# Requirement
Keep to one stretch of the data below, the lines from the one with "Step by step" up to and including the one with "Акумулятор AGM 12V", and return that stretch exactly.

-- Listed records follows --

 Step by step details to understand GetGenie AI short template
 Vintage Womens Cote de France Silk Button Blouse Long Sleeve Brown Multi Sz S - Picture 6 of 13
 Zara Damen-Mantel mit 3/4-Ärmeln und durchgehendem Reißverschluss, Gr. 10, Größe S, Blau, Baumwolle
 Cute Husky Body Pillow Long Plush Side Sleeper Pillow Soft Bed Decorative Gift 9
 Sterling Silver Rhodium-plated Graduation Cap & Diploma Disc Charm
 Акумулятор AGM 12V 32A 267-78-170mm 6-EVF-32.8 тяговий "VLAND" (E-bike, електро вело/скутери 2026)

-- Listed records concluded --
-- Listed records follows --

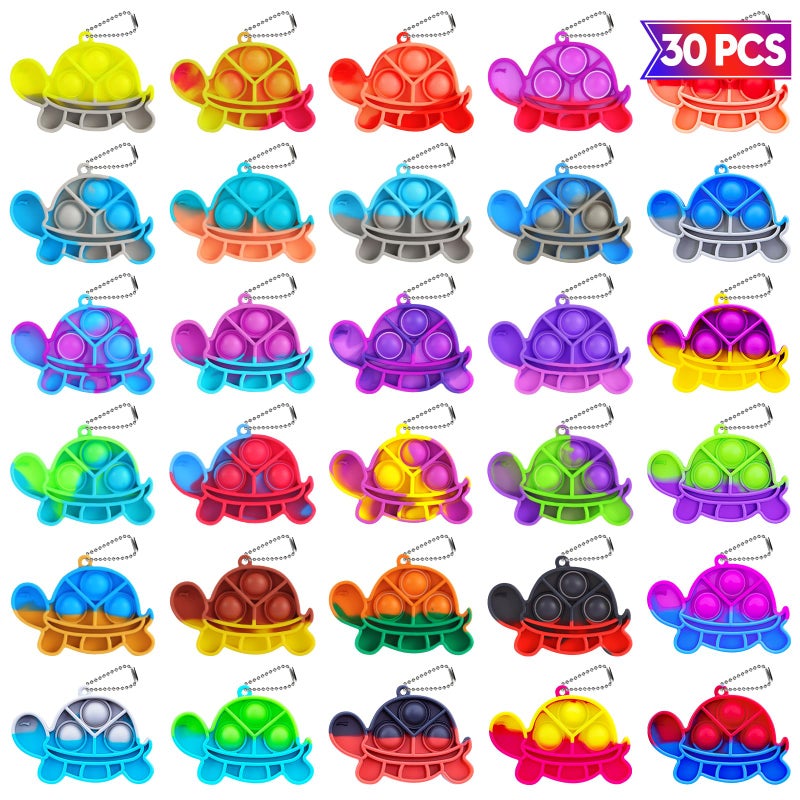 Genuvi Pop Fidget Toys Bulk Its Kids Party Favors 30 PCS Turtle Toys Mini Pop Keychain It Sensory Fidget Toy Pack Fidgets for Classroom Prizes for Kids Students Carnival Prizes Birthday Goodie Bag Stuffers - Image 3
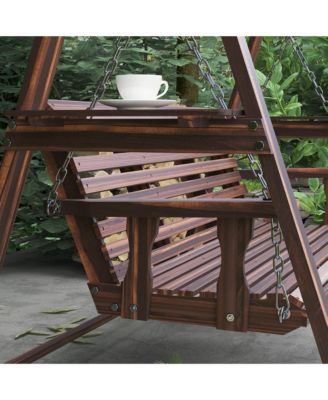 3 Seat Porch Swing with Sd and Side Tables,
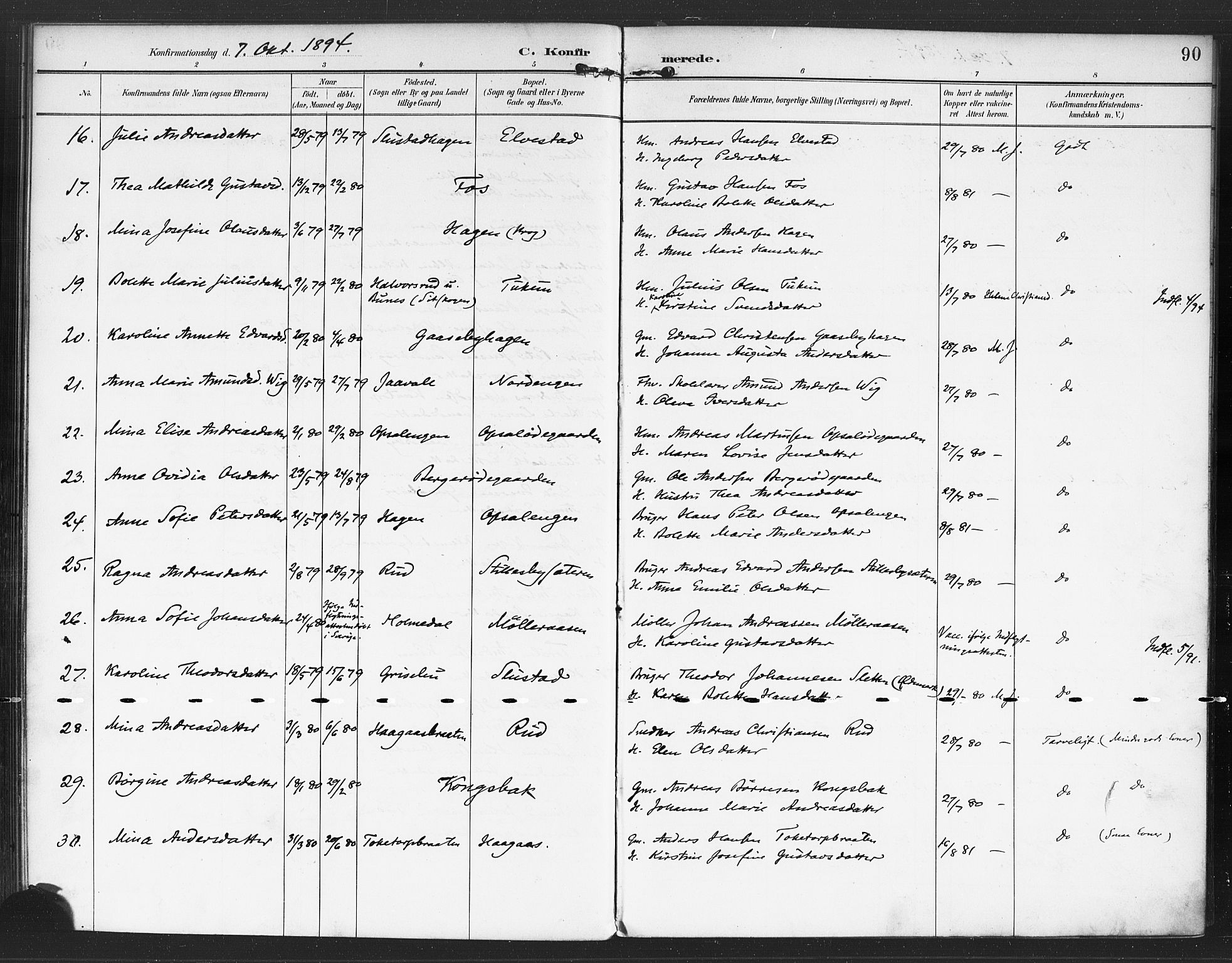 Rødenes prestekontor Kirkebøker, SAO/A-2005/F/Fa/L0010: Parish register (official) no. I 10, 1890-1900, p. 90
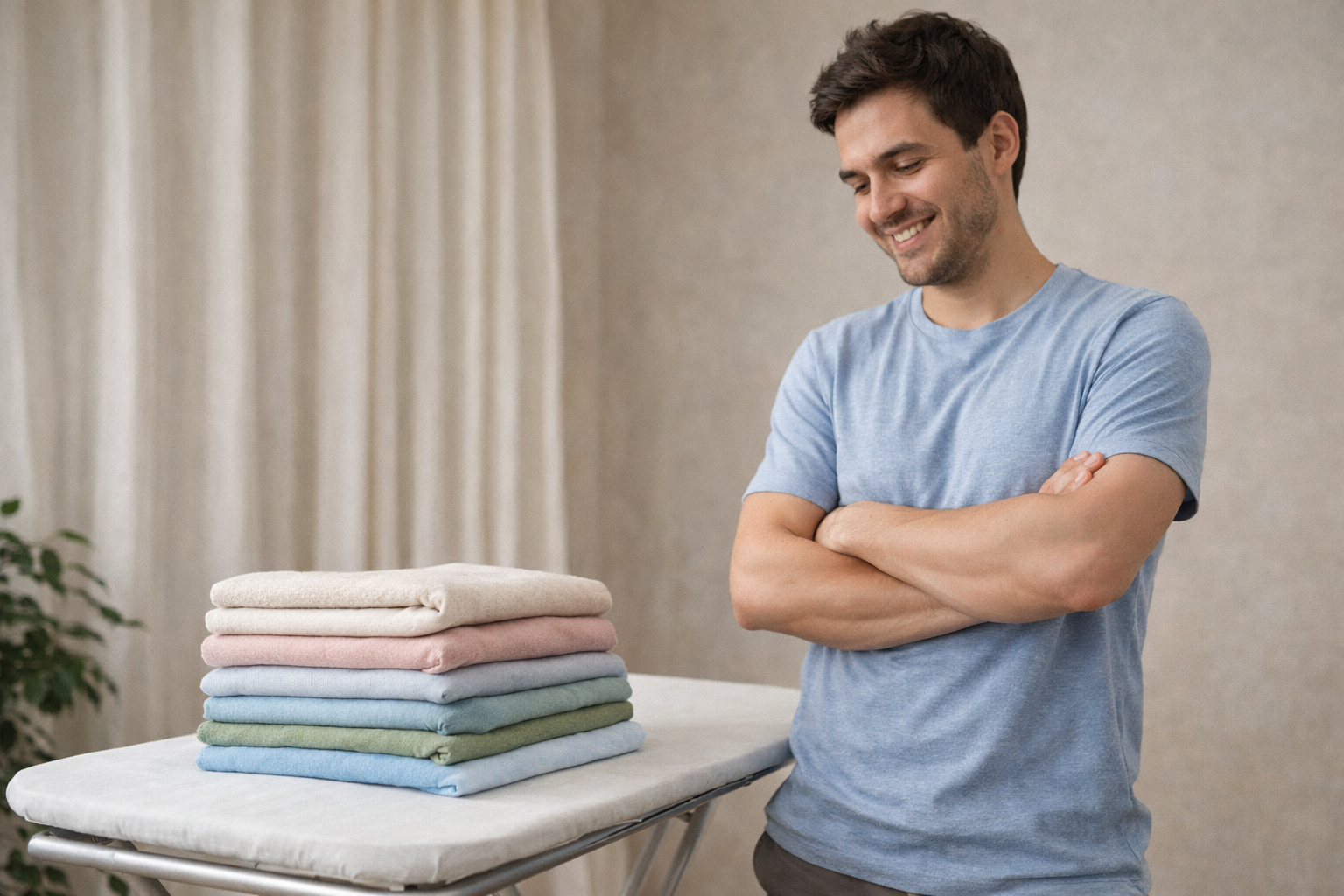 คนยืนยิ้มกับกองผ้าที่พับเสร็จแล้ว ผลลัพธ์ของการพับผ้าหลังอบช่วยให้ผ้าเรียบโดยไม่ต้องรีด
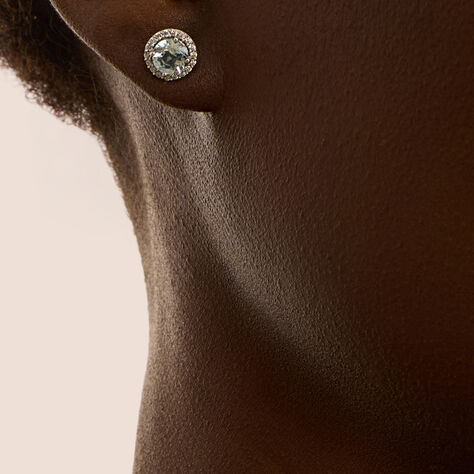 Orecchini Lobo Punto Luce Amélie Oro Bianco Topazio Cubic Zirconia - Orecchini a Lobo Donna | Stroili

-- Listed records concluded --

# Written solution
 Step by step details to understand GetGenie AI short template
 Vintage Womens Cote de France Silk Button Blouse Long Sleeve Brown Multi Sz S - Picture 6 of 13
 Zara Damen-Mantel mit 3/4-Ärmeln und durchgehendem Reißverschluss, Gr. 10, Größe S, Blau, Baumwolle
 Cute Husky Body Pillow Long Plush Side Sleeper Pillow Soft Bed Decorative Gift 9
 Sterling Silver Rhodium-plated Graduation Cap & Diploma Disc Charm
 Акумулятор AGM 12V 32A 267-78-170mm 6-EVF-32.8 тяговий "VLAND" (E-bike, електро вело/скутери 2026)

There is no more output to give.